• Provided data:
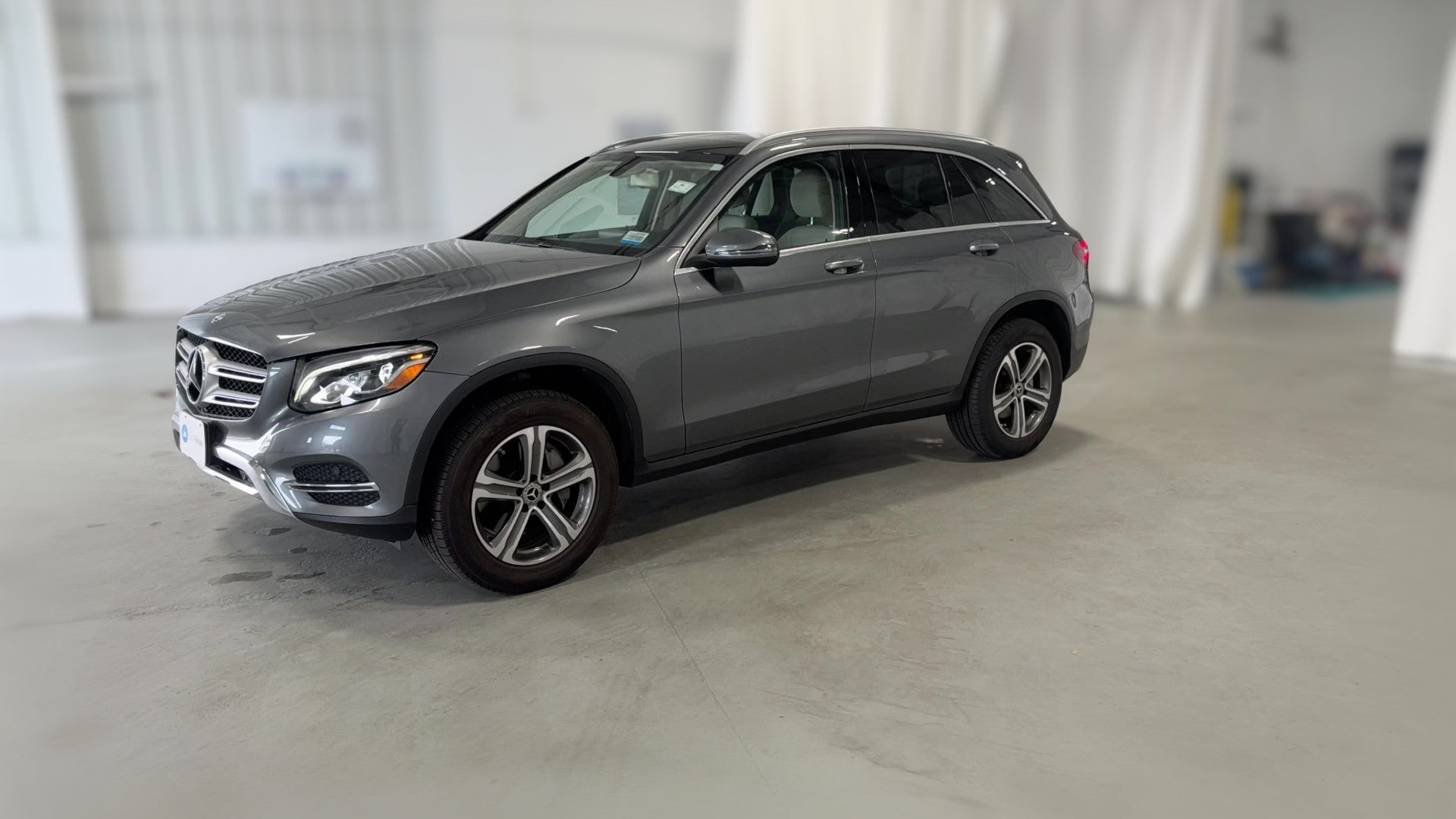 2019 Mercedes-Benz GLC vehicle photo
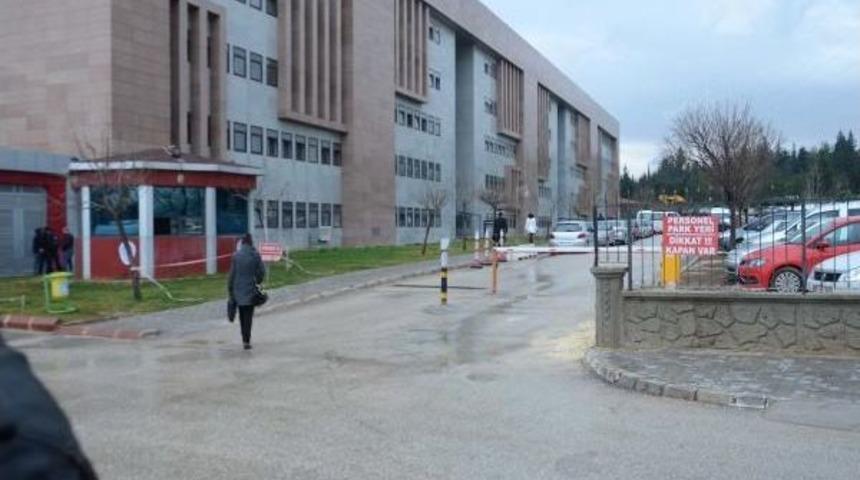 Yasa Dışı Dinlemeden G&ouml;zaltına Alınan Polisler Adliyede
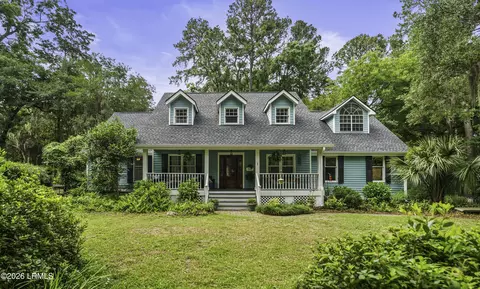 1 Inwood Plantation Dr, Beaufort, SC 29906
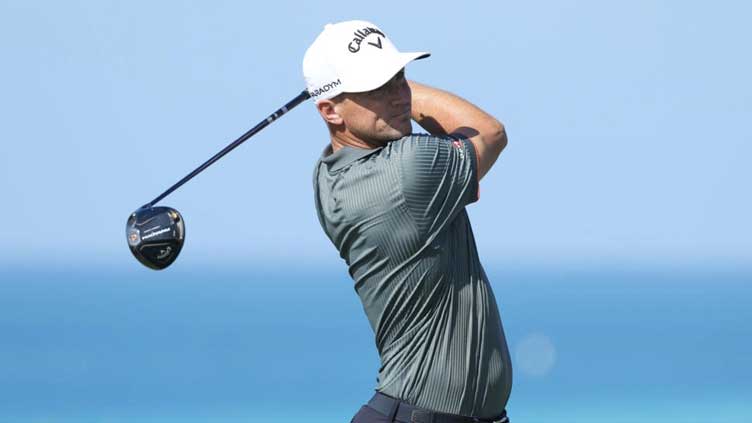 Noren grabs early Bermuda lead with 61 as Long sets record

• Description of the task:
Without any pictures, return the material above exactly.

• Exercise solution:
 2019 Mercedes-Benz GLC vehicle photo
 Yasa Dışı Dinlemeden G&ouml;zaltına Alınan Polisler Adliyede
 1 Inwood Plantation Dr, Beaufort, SC 29906
 Noren grabs early Bermuda lead with 61 as Long sets record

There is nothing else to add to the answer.